**Task brief:**
An exact transcription of each entry below is required, without any pictures.

Items from a data source:
==================================================

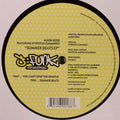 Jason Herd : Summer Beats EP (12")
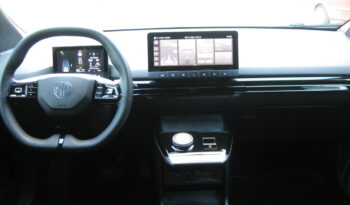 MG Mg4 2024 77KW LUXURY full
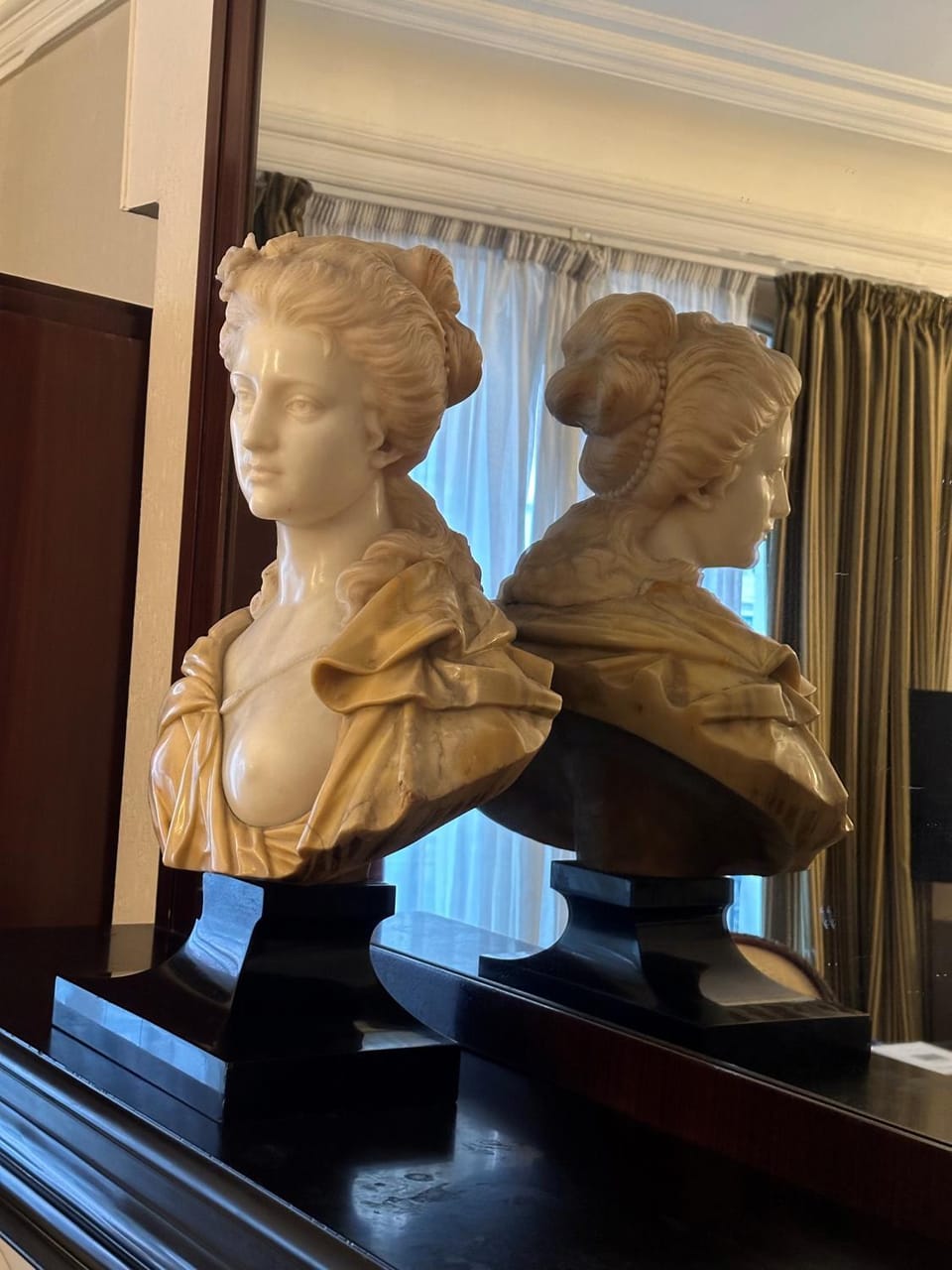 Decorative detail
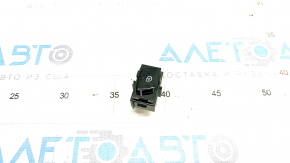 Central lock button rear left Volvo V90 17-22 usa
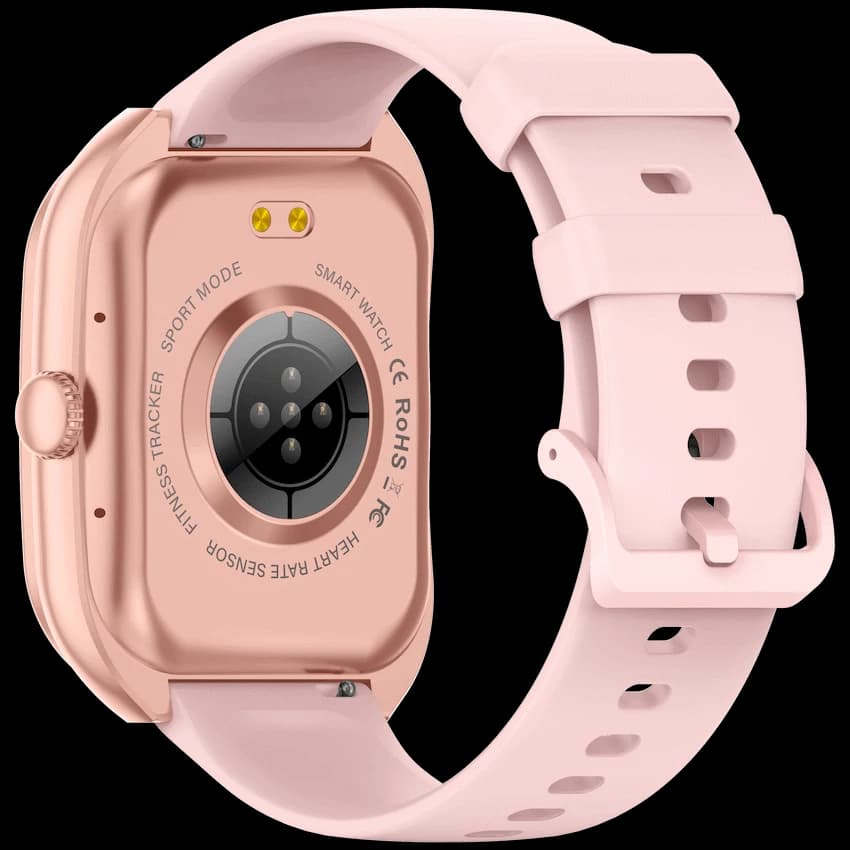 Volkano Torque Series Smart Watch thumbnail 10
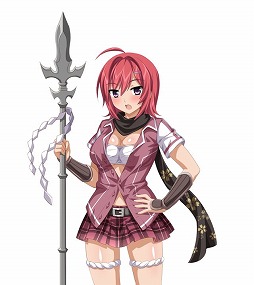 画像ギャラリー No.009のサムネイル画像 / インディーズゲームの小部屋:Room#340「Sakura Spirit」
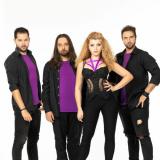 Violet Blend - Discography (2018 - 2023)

==================================================

**Completed task:**
 Jason Herd : Summer Beats EP (12")
 MG Mg4 2024 77KW LUXURY full
 Decorative detail
 Central lock button rear left Volvo V90 17-22 usa
 Volkano Torque Series Smart Watch thumbnail 10
 画像ギャラリー No.009のサムネイル画像 / インディーズゲームの小部屋:Room#340「Sakura Spirit」
 Violet Blend - Discography (2018 - 2023)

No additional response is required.